(Source records)
= = = = = = =
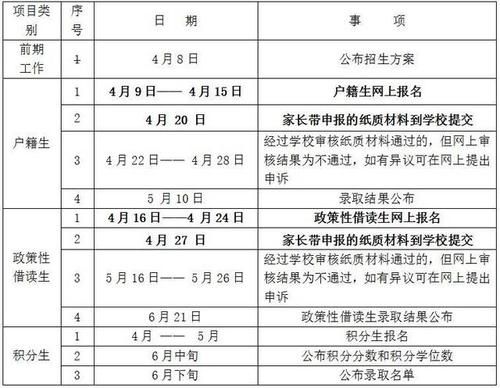 广汉一年级非户籍生怎么报名？（广汉教育培训招生技巧）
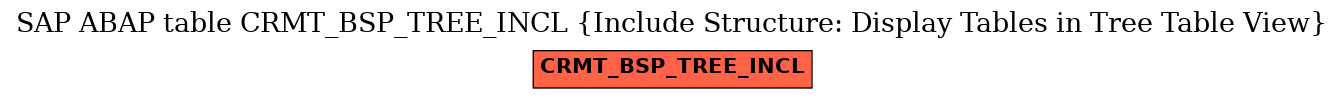 E-R Diagram for table CRMT_BSP_TREE_INCL (Include Structure: Display Tables in Tree Table View)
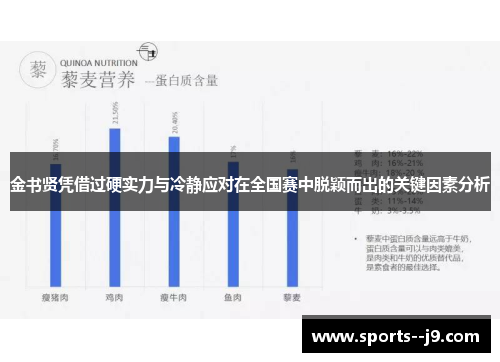 金书贤凭借过硬实力与冷静应对在全国赛中脱颖而出的关键因素分析 金书贤凭借过硬实力与冷静应对在全国赛中脱颖而出的关键因素分析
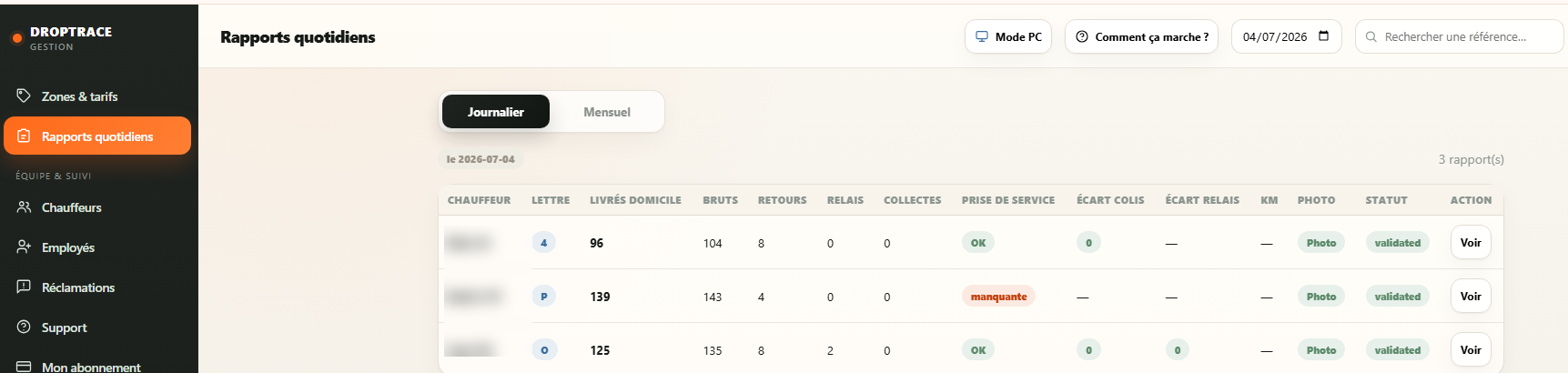 DropTrace manager Daily reports screen with Photo and Status columns (names hidden)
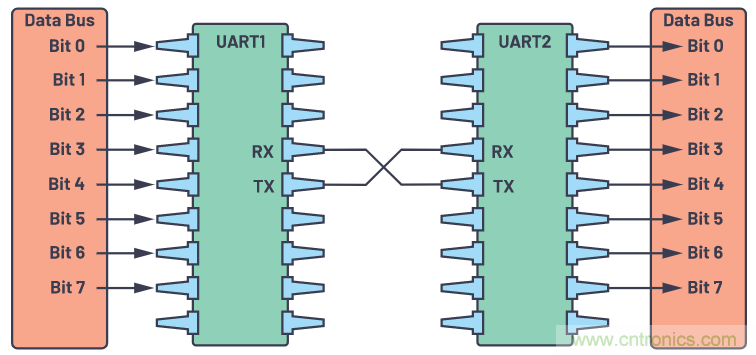 了解通用異步接收器/發送器的硬件通信協議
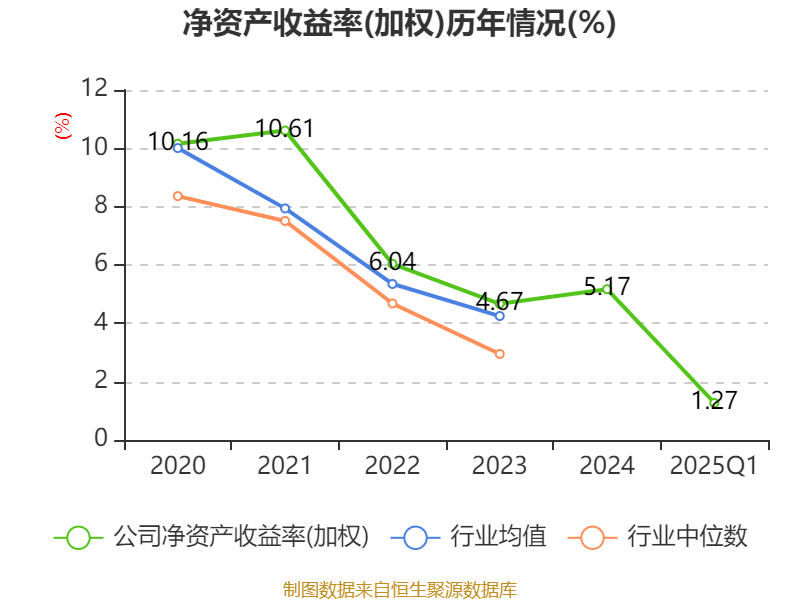 2025年一季度乌兹别克斯坦GDP增长6.8%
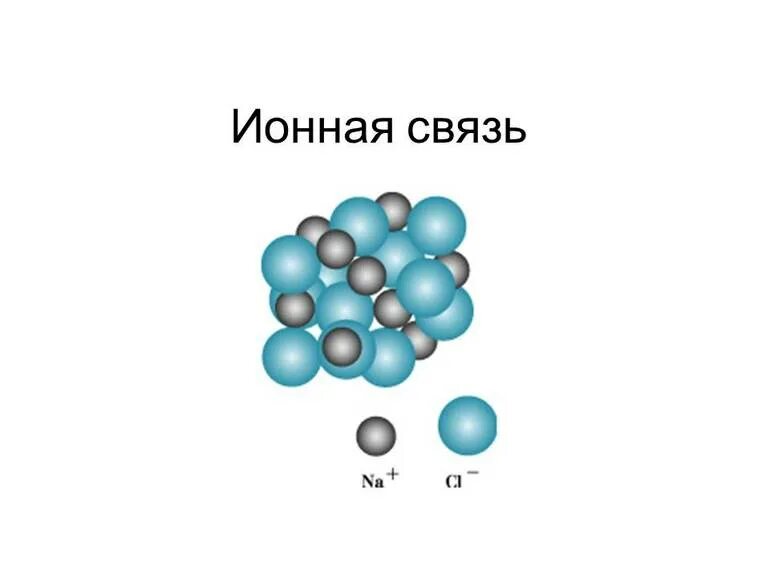 Химия 8 кл ионная химическая связь. Строение ионной связи. Ионная связь химия 8 класс. Строение веществ Иона. Вещества каких рядов образованы ионной связью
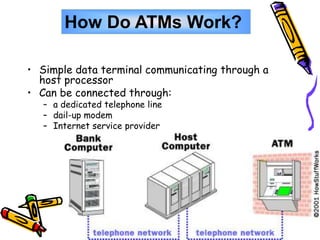 • Simple data terminal communicating through a
host processor
• Can be connected through:
– a dedicated telephone line
– dail-up modem
– Internet service provider
How Do ATMs Work?
 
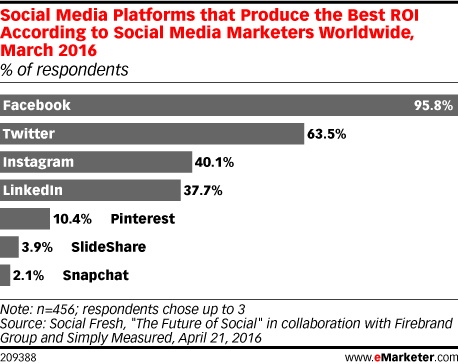 eMarketer Chart comparing best ROI for social media advertising platforms. Facebook ads were chosen by 95.8% of social media marketers as one of their top 3 platforms.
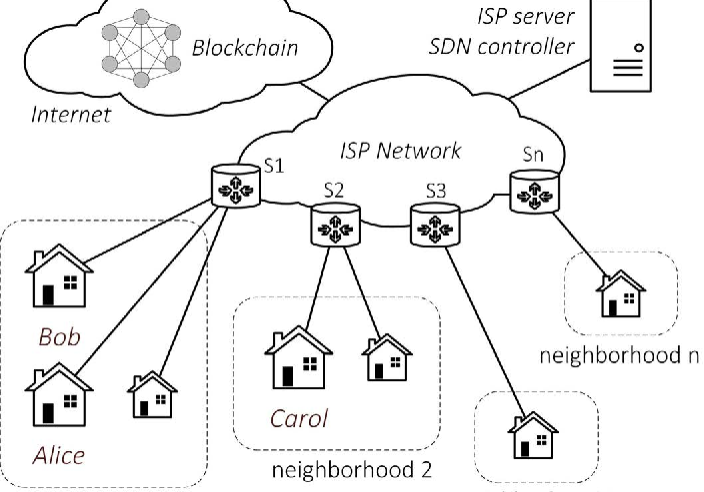 Internet Service Provider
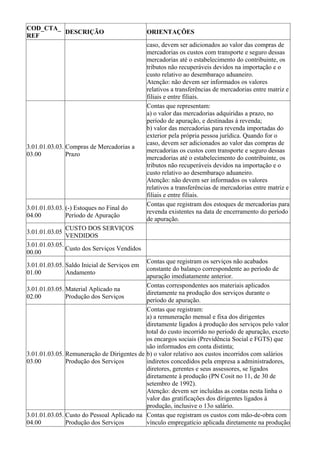 COD_CTA_
         DESCRIÇÃO                            ORIENTAÇÕES
REF
                                              caso, devem ser adicionados ao valor das compras de
                                              mercadorias os custos com transporte e seguro dessas
                                              mercadorias até o estabelecimento do contribuinte, os
                                              tributos não recuperáveis devidos na importação e o
                                              custo relativo ao desembaraço aduaneiro.
                                              Atenção: não devem ser informados os valores
                                              relativos a transferências de mercadorias entre matriz e
                                              filiais e entre filiais.
                                              Contas que representam:
                                              a) o valor das mercadorias adquiridas a prazo, no
                                              período de apuração, e destinadas à revenda;
                                              b) valor das mercadorias para revenda importadas do
                                              exterior pela própria pessoa jurídica. Quando for o
                                              caso, devem ser adicionados ao valor das compras de
3.01.01.03.03. Compras de Mercadorias a
                                              mercadorias os custos com transporte e seguro dessas
03.00          Prazo
                                              mercadorias até o estabelecimento do contribuinte, os
                                              tributos não recuperáveis devidos na importação e o
                                              custo relativo ao desembaraço aduaneiro.
                                              Atenção: não devem ser informados os valores
                                              relativos a transferências de mercadorias entre matriz e
                                              filiais e entre filiais.
                                              Contas que registram dos estoques de mercadorias para
3.01.01.03.03. (-) Estoques no Final do
                                              revenda existentes na data de encerramento do período
04.00          Período de Apuração
                                              de apuração.
                CUSTO DOS SERVIÇOS
3.01.01.03.05
                VENDIDOS
3.01.01.03.05.
               Custo dos Serviços Vendidos
00.00
                                            Contas que registram os serviços não acabados
3.01.01.03.05. Saldo Inicial de Serviços em
                                            constante do balanço correspondente ao período de
01.00          Andamento
                                            apuração imediatamente anterior.
                                            Contas correspondentes aos materiais aplicados
3.01.01.03.05. Material Aplicado na
                                            diretamente na produção dos serviços durante o
02.00          Produção dos Serviços
                                            período de apuração.
                                            Contas que registram:
                                            a) a remuneração mensal e fixa dos dirigentes
                                            diretamente ligados à produção dos serviços pelo valor
                                            total do custo incorrido no período de apuração, exceto
                                            os encargos sociais (Previdência Social e FGTS) que
                                            são informados em conta distinta;
3.01.01.03.05. Remuneração de Dirigentes de b) o valor relativo aos custos incorridos com salários
03.00          Produção dos Serviços        indiretos concedidos pela empresa a administradores,
                                            diretores, gerentes e seus assessores, se ligados
                                            diretamente à produção (PN Cosit no 11, de 30 de
                                            setembro de 1992).
                                            Atenção: devem ser incluídas as contas nesta linha o
                                            valor das gratificações dos dirigentes ligados à
                                            produção, inclusive o 13o salário.
3.01.01.03.05. Custo do Pessoal Aplicado na Contas que registram os custos com mão-de-obra com
04.00          Produção dos Serviços        vínculo empregatício aplicada diretamente na produção
 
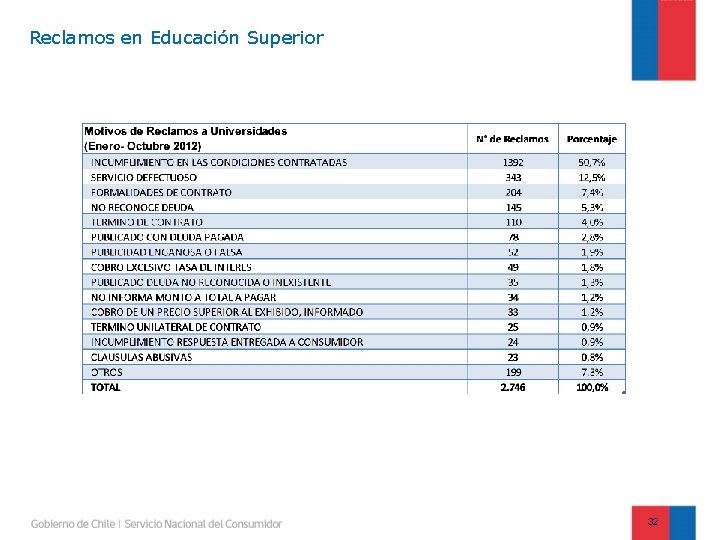 Reclamos en Educación Superior 32 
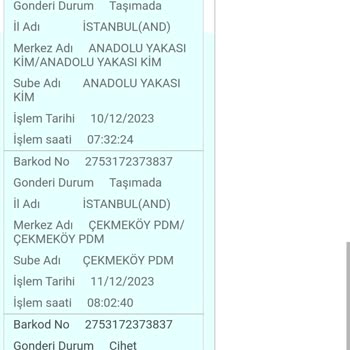 PTT Kargo PTT Çekmeköy PDM Kargomu Getirmiyor.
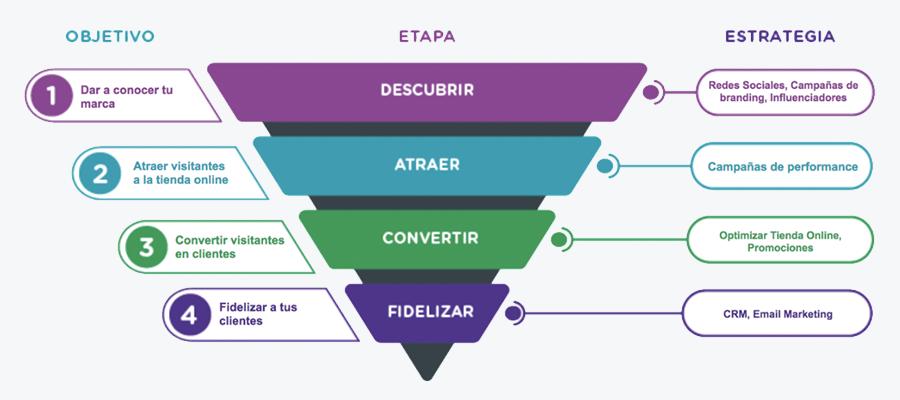 Errores web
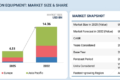 Electric Construction Equipment Market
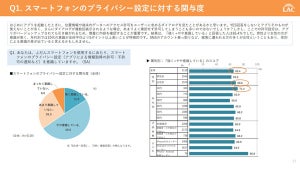 スマホのセキュリティ対策実施状況をラックが調査、性別や年齢で大きな差も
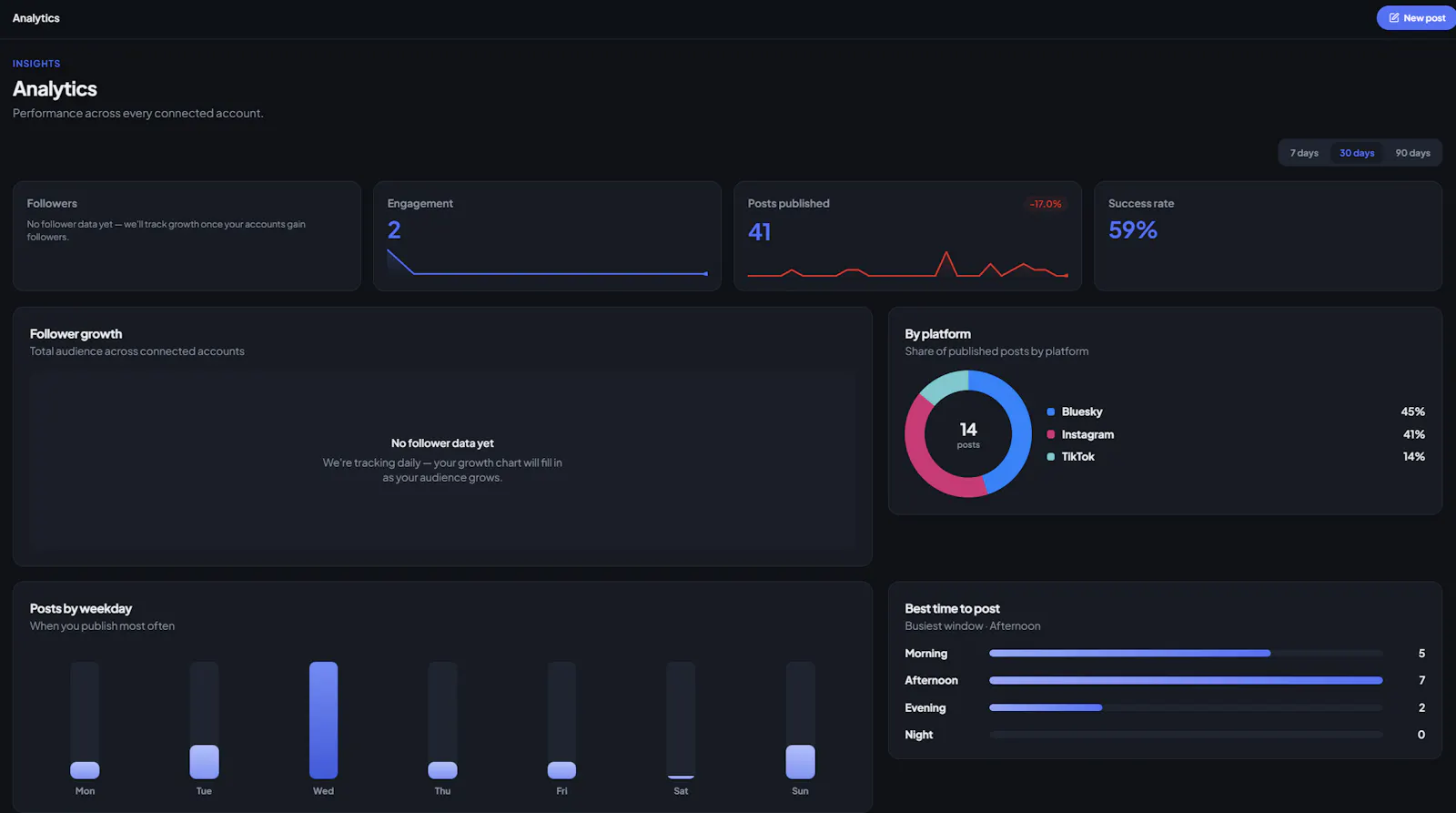 Postlia screenshot 3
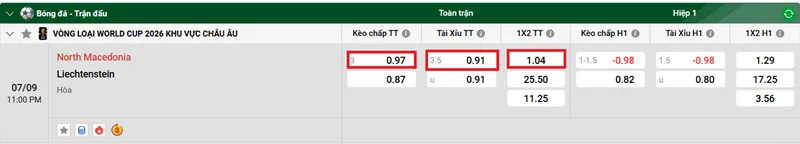 Tips bóng đá chi tiết về trận đấu giữa North Macedonia vs Liechtenstein uk88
= = = = = = =
= TASK PROMPT =
Could you return exactly the lines starting with the one that contains "PTT Kargo PTT" and ending with the last line of the data above? Leave the pictures out.

= WRITTEN SOLUTION =
 PTT Kargo PTT Çekmeköy PDM Kargomu Getirmiyor.
 Errores web
 Electric Construction Equipment Market
 スマホのセキュリティ対策実施状況をラックが調査、性別や年齢で大きな差も
 Postlia screenshot 3
 Tips bóng đá chi tiết về trận đấu giữa North Macedonia vs Liechtenstein uk88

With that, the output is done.